SAN FRANCISCO -- A computer virus rampaged through corporate systems, devouring files, crippling e-mail systems and affecting thousands of computers Tuesday, according to anti-virus experts.
The Mini-Zip virus, related to one that caused a serious outbreak in June, was expected to renew its assault Wednesday morning as unsuspecting users checked their e-mail inboxes.
Sal Viveros, a marketing manager for Santa Clara-based Network Associates, which makes the McAfee anti-virus software, said some 20 large corporations had been affected by Tuesday evening.
Schrader said he fielded complaints of significant problems from four Fortune 500 companies and scores of smaller companies.
Mini-Zip is the worst outbreak since its parent bug, Worm.Explore.Zip, struck last summer. Worm.Explore.Zip was considered the most destructive virus since the infamous Melissa outbreak in the spring.
"The last time this virus came along it affected tens of thousands -- maybe hundreds of thousands of computers and caused millions of dollars in damage," said Dan Schrader, vice president of new technology at Trend Micro in Cupertino. "It's malicious and fast-spreading. We consider this to be high-risk."

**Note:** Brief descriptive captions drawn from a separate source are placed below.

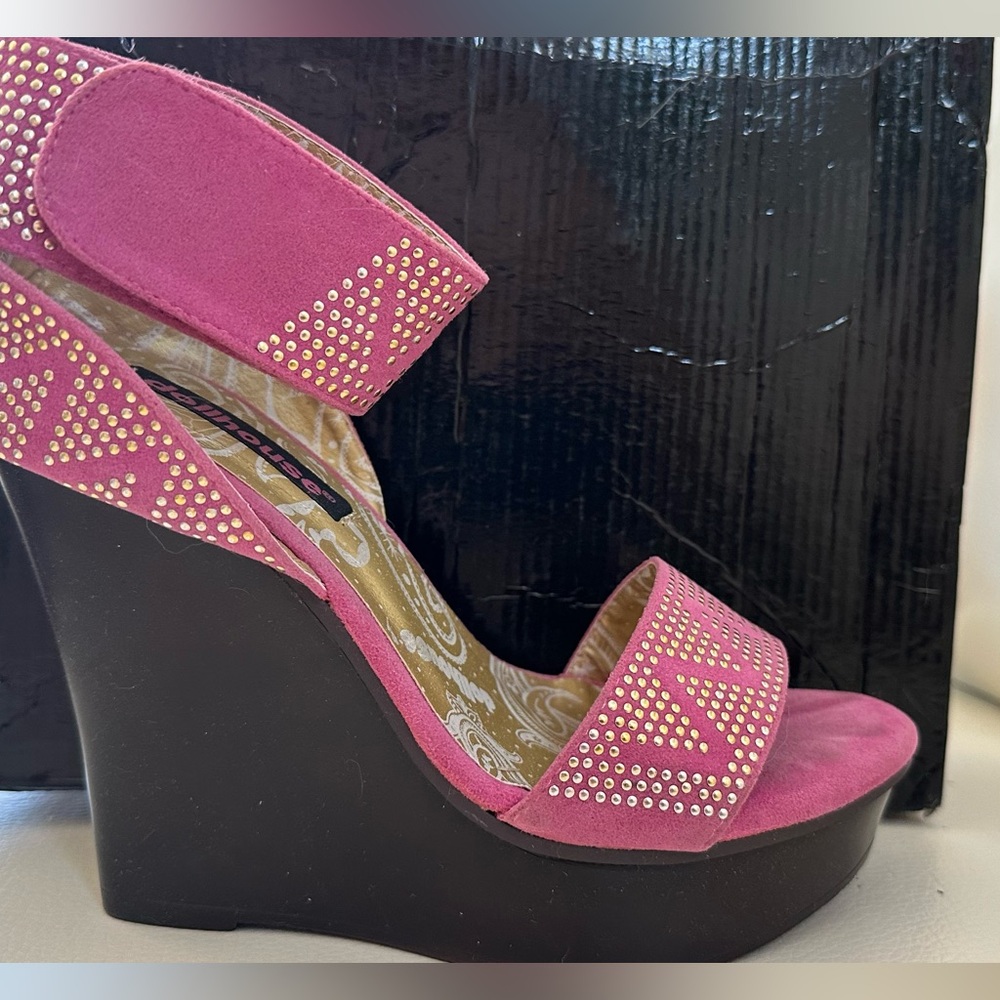 Dollhouse size 7 pink studded wedges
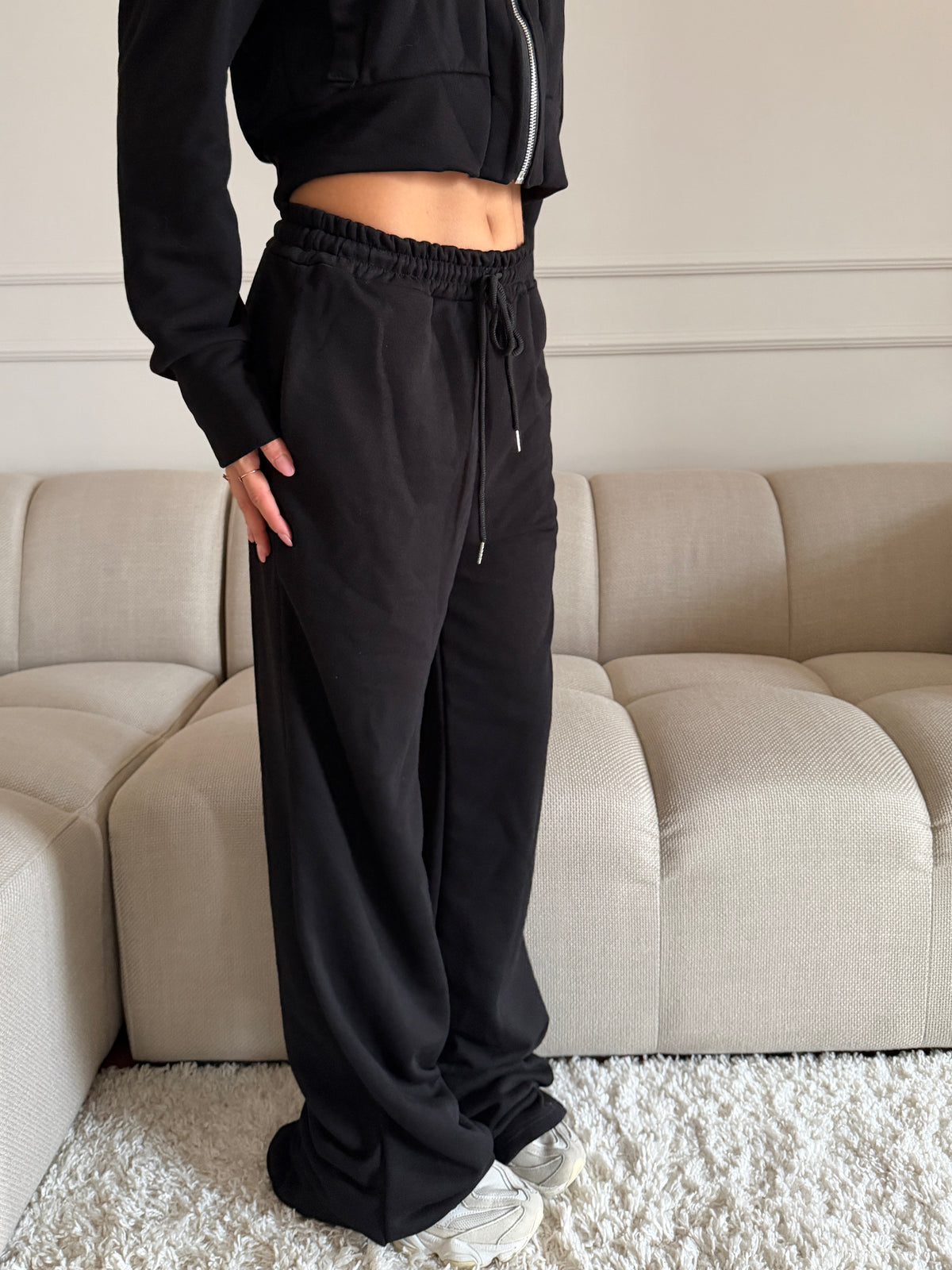 Coordinato in tuta  con Felpa Cropped e Pantalone fondo largo
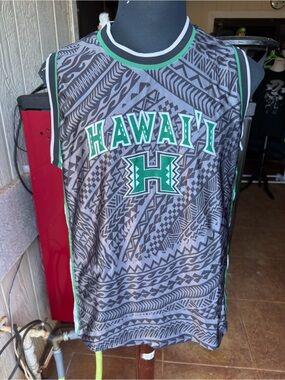 University Of Hawaii Rainbow Warriors Tank Top Men’s Medium Tribal Design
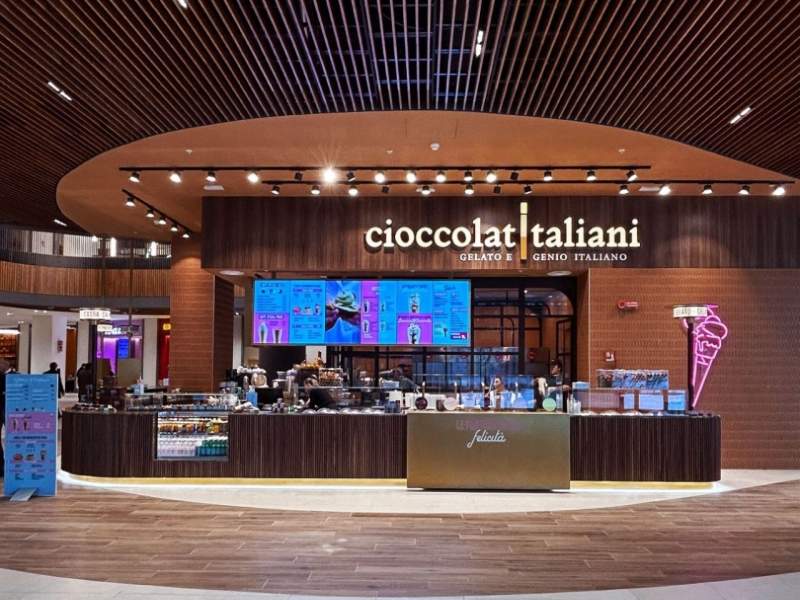 Dopo le 4 operazioni del 2023, Cioccolatitaliani riparte dal canale dei centri commerciali 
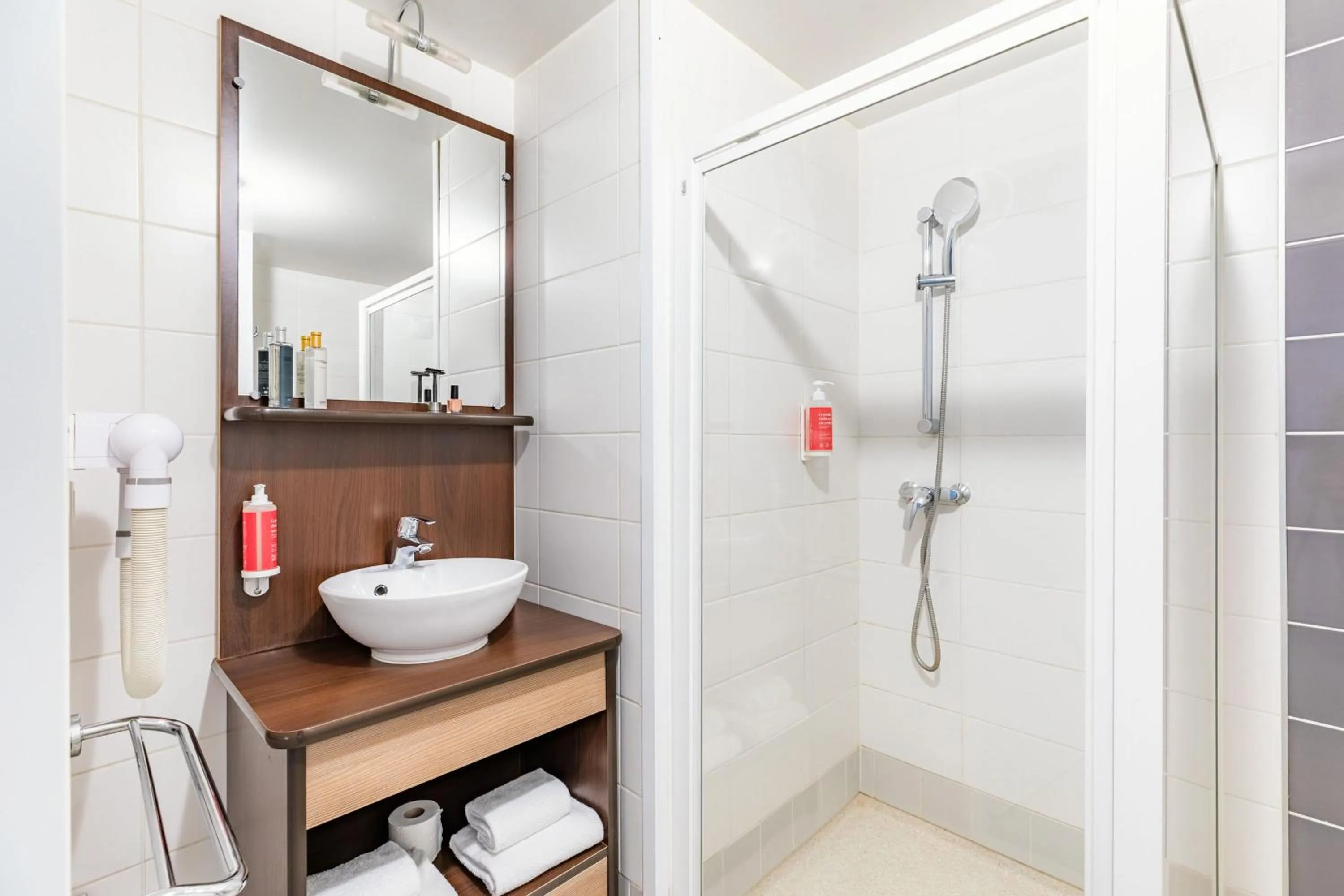Shower in Appart'City Confort Saint-Nazaire Océan
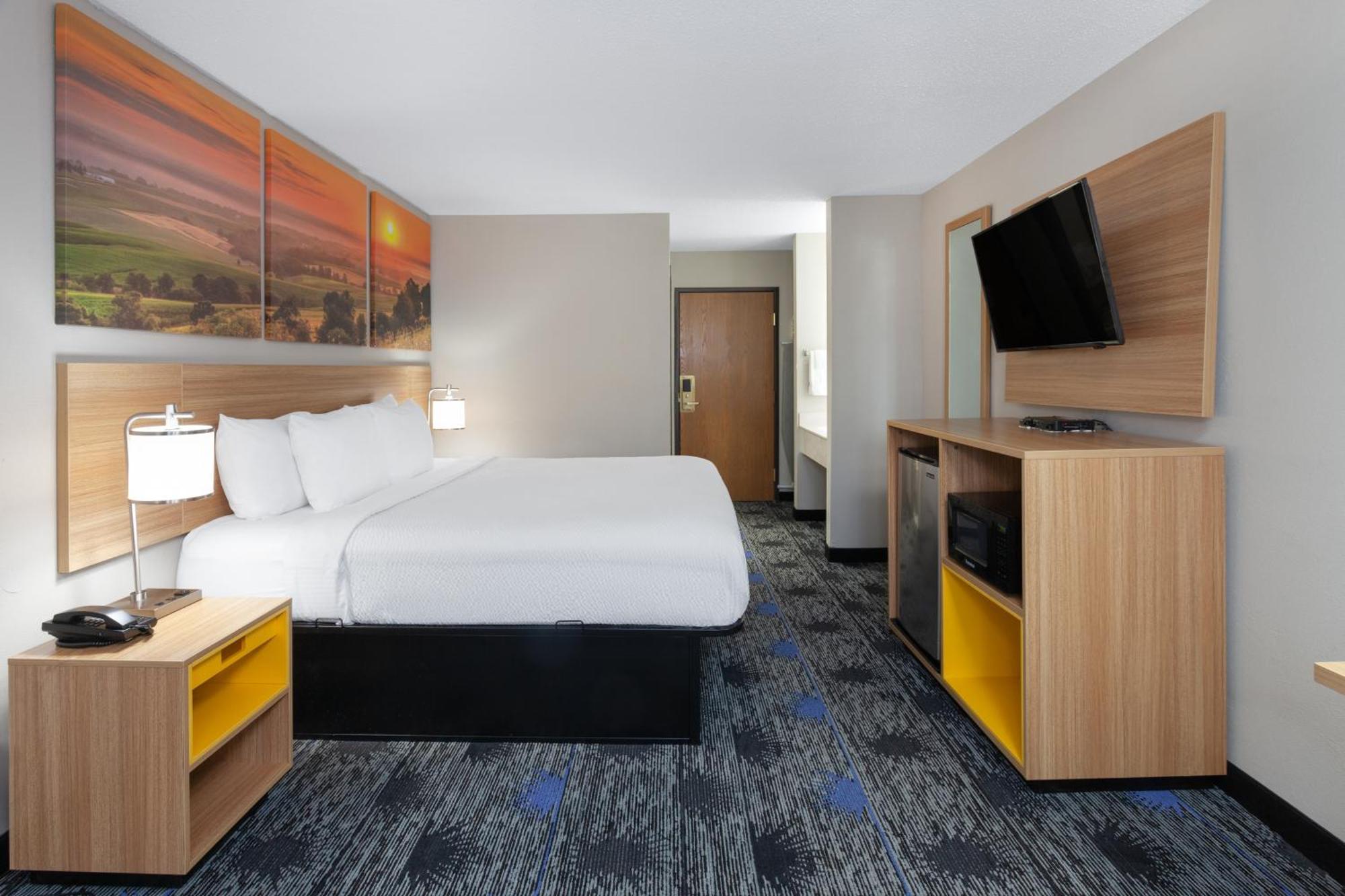 Days By Wyndham Hotel
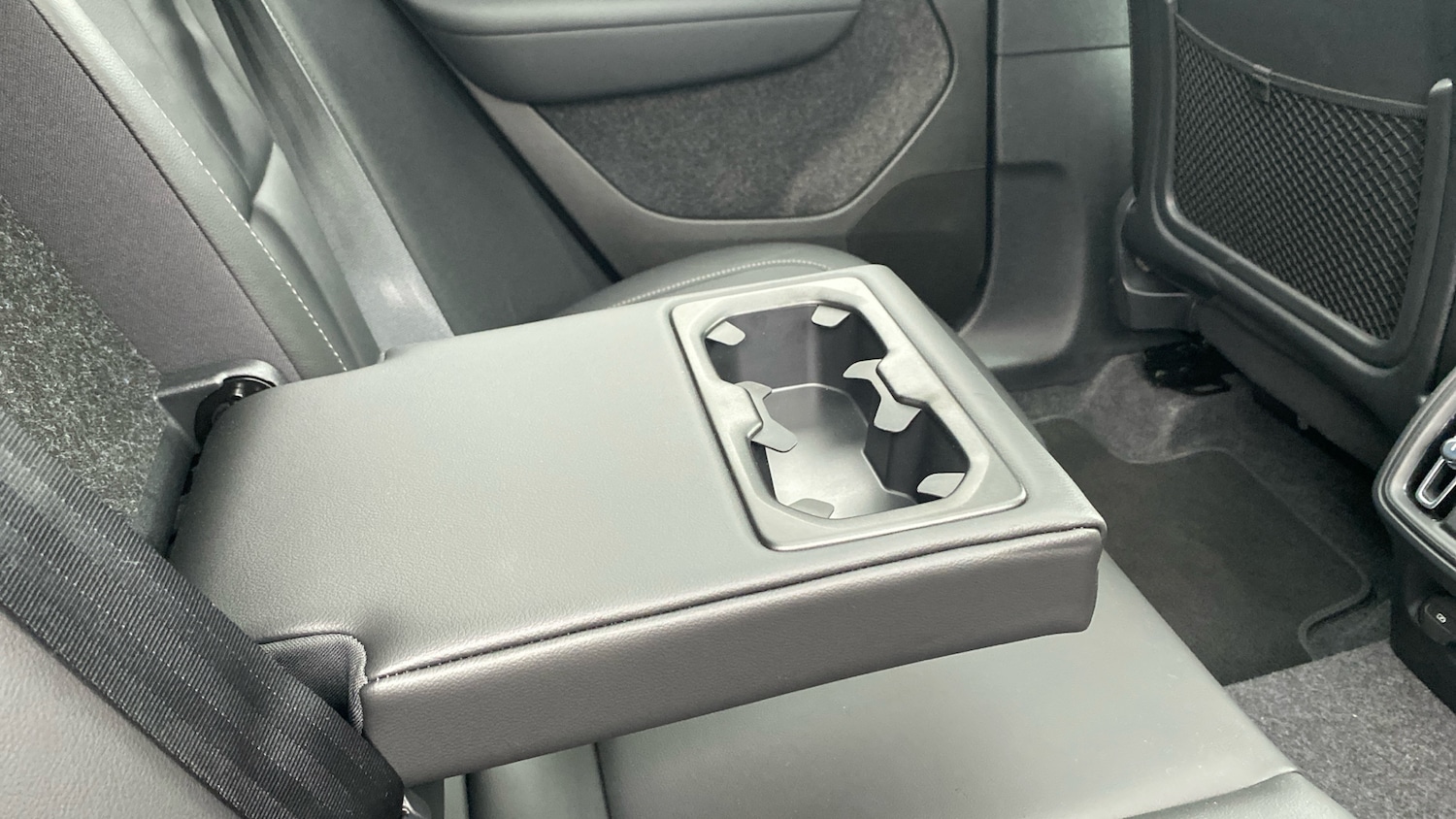 Used Volvo XC40 2024 for sale - 76653286: Photo 25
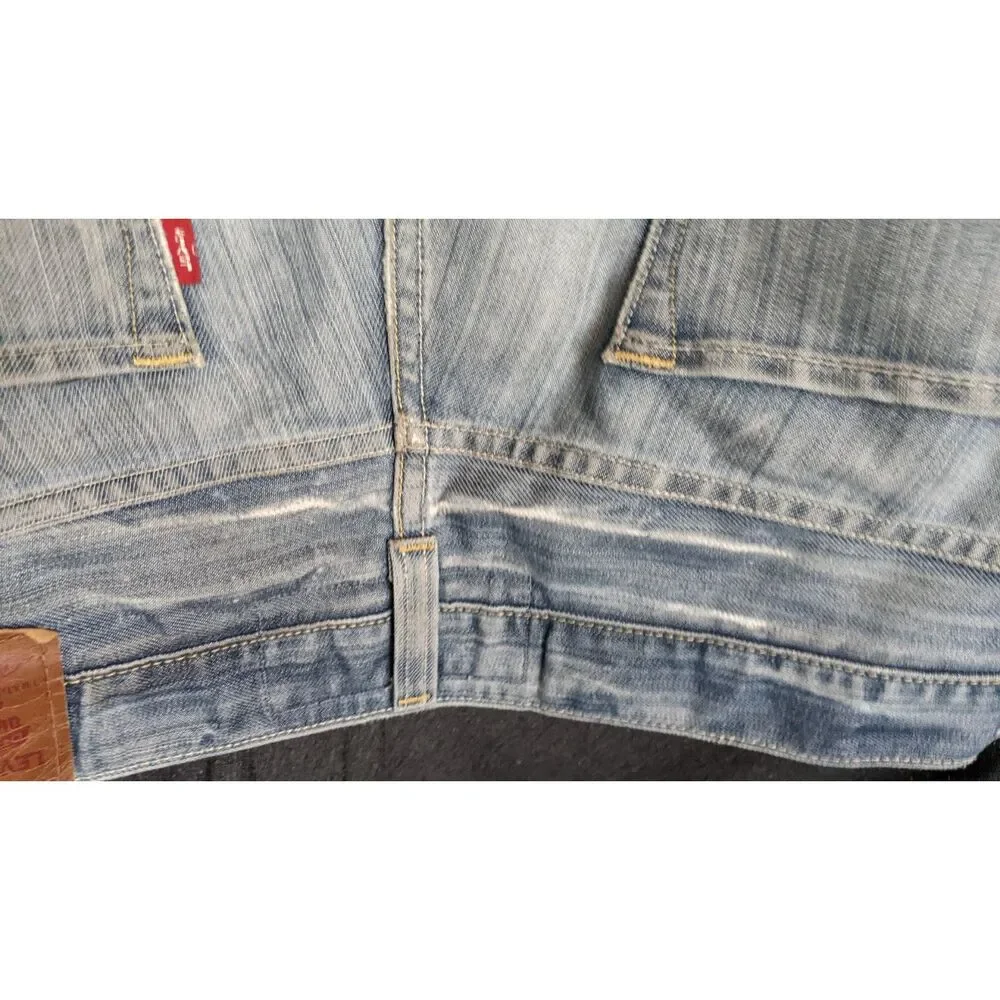 Levi's 511 skinny 34x32 men's medium NOTE distressed seat / gusset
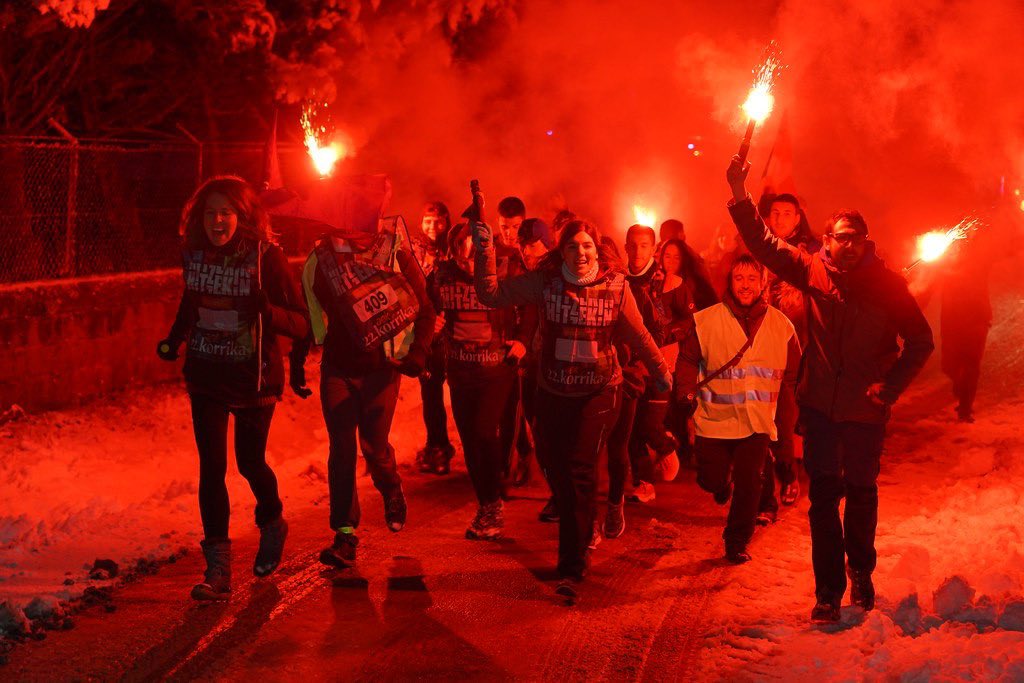 ArnaldoOtegi's tweet photo. Hau da euskararen herria.
Hau da Euskal Herria.
Hau da gure #EuskalEredua.

#Korrika #HitzEkin https://t.co/KVcaINnm7x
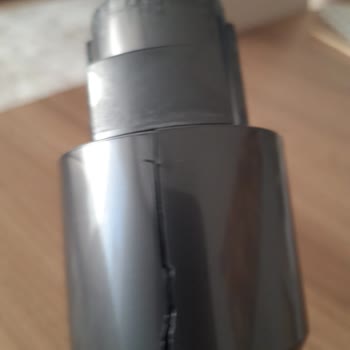 Dyson V11 Borusunun Üst Plastik Kısmında Kırılma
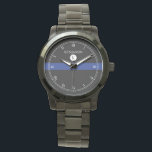 Thin Blue Line Serviceman Watch Horloge<br><div class="desc">Een elegant monogram zwart,  wit,  blauwe streep horloge met een vlek voor de naam van uw gift ontvanger en het monogram van het familienaam initiaal. Een groot geschenk voor iedereen die deel uitmaakt van de politiemacht,  die momenteel werkzaam is of met pensioen gaat.</div>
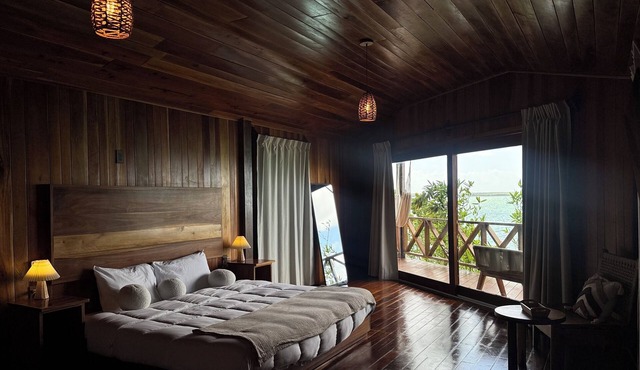Cabañas María Isabel – On the Bacalar Lagoon with Private Deck & Dock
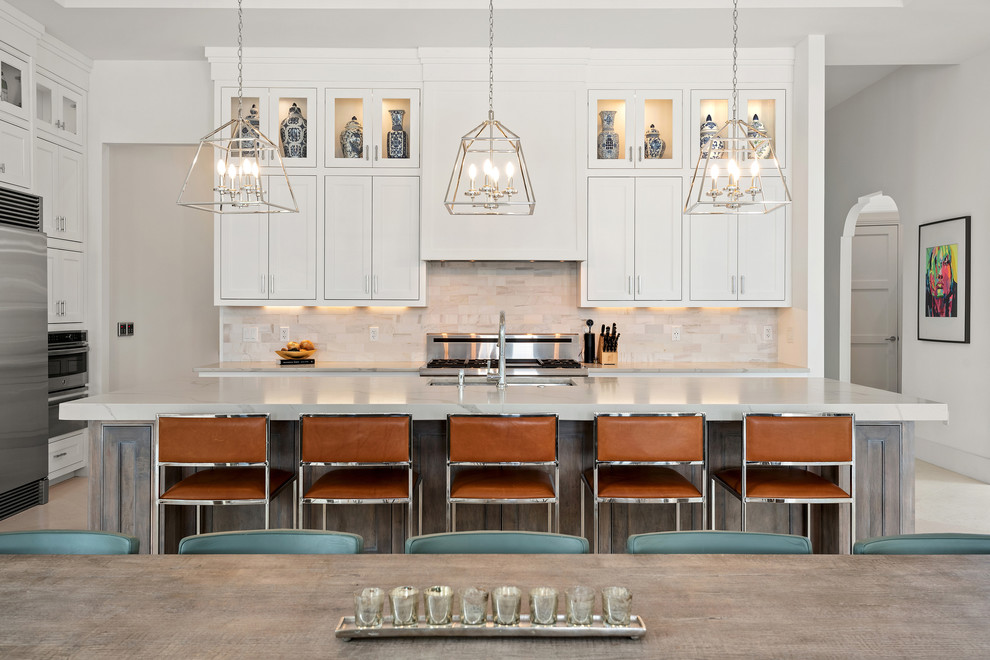Transitional kitchen photo in Orlando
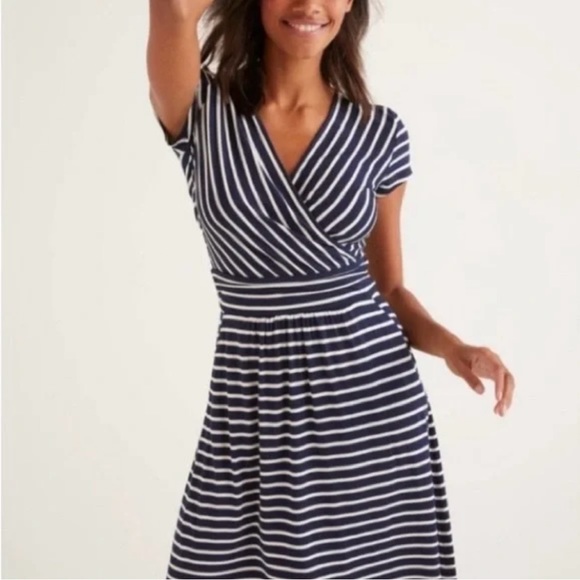 Boden Lola Jersey Dress Navy Blue Striped Size US 4R NWOT - Picture 2 of 6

Anti-virus experts said the bug gets loose from an infected system as a seemingly friendly reply to a clean e-mail sent via the Microsoft Outlook, Outlook Express or Exchange browsers.
The virus intercepts the original message and automatically sends itself as a response -- even changing the subject line from, for example, "Work Meeting" to "Re: Work Meeting."
The body of the message reads: "Hi (recipient's name)! I received your e-mail and I shall send you an e-mail ASAP. Till then, take a look the attached zipped docs. bye."
The e-mail contains an attachment called "zipped--files.exe." If a user double-clicks on the attachment, the virus is set loose in the new victim's system.
It then destroys a series of files in a computer's hard drive by replacing them with empty files.
Anti-virus experts cautioned users against opening e-mails if they do not know the sender or why they were sent. They said the virus could be fought with updated antiviral software.